Assigned task: Output, please, exactly those lines of the listing that come before the line with "SEAT Ibiza 1.4 TDi FResc Plus - 17", along with that line itself.

*** Supplied data ***

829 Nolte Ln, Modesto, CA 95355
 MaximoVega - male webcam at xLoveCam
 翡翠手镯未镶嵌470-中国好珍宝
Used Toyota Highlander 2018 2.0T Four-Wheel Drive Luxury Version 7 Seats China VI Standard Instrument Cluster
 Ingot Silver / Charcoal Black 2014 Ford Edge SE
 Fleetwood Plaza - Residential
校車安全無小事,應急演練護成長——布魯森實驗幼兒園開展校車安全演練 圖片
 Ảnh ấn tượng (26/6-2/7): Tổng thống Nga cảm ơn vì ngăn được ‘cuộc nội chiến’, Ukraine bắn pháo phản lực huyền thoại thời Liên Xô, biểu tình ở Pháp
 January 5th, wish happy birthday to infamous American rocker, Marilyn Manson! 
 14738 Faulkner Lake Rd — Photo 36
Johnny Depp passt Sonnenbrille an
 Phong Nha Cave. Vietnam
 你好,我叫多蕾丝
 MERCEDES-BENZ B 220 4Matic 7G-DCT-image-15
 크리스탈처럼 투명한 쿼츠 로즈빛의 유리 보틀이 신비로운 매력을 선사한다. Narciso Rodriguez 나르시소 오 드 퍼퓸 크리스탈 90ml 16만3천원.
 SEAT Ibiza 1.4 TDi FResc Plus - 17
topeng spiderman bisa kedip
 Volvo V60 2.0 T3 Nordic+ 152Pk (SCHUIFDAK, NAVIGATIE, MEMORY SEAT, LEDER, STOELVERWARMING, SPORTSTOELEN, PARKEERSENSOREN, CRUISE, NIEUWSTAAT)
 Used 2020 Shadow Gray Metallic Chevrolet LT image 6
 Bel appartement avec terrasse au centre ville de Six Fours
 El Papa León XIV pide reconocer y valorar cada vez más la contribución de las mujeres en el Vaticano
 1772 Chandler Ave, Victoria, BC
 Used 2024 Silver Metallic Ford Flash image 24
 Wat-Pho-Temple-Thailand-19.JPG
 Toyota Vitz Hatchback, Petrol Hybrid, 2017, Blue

*** End of Supplied data ***

Written answer:
829 Nolte Ln, Modesto, CA 95355
 MaximoVega - male webcam at xLoveCam
 翡翠手镯未镶嵌470-中国好珍宝
Used Toyota Highlander 2018 2.0T Four-Wheel Drive Luxury Version 7 Seats China VI Standard Instrument Cluster
 Ingot Silver / Charcoal Black 2014 Ford Edge SE
 Fleetwood Plaza - Residential
校車安全無小事,應急演練護成長——布魯森實驗幼兒園開展校車安全演練 圖片
 Ảnh ấn tượng (26/6-2/7): Tổng thống Nga cảm ơn vì ngăn được ‘cuộc nội chiến’, Ukraine bắn pháo phản lực huyền thoại thời Liên Xô, biểu tình ở Pháp
 January 5th, wish happy birthday to infamous American rocker, Marilyn Manson! 
 14738 Faulkner Lake Rd — Photo 36
Johnny Depp passt Sonnenbrille an
 Phong Nha Cave. Vietnam
 你好,我叫多蕾丝
 MERCEDES-BENZ B 220 4Matic 7G-DCT-image-15
 크리스탈처럼 투명한 쿼츠 로즈빛의 유리 보틀이 신비로운 매력을 선사한다. Narciso Rodriguez 나르시소 오 드 퍼퓸 크리스탈 90ml 16만3천원.
 SEAT Ibiza 1.4 TDi FResc Plus - 17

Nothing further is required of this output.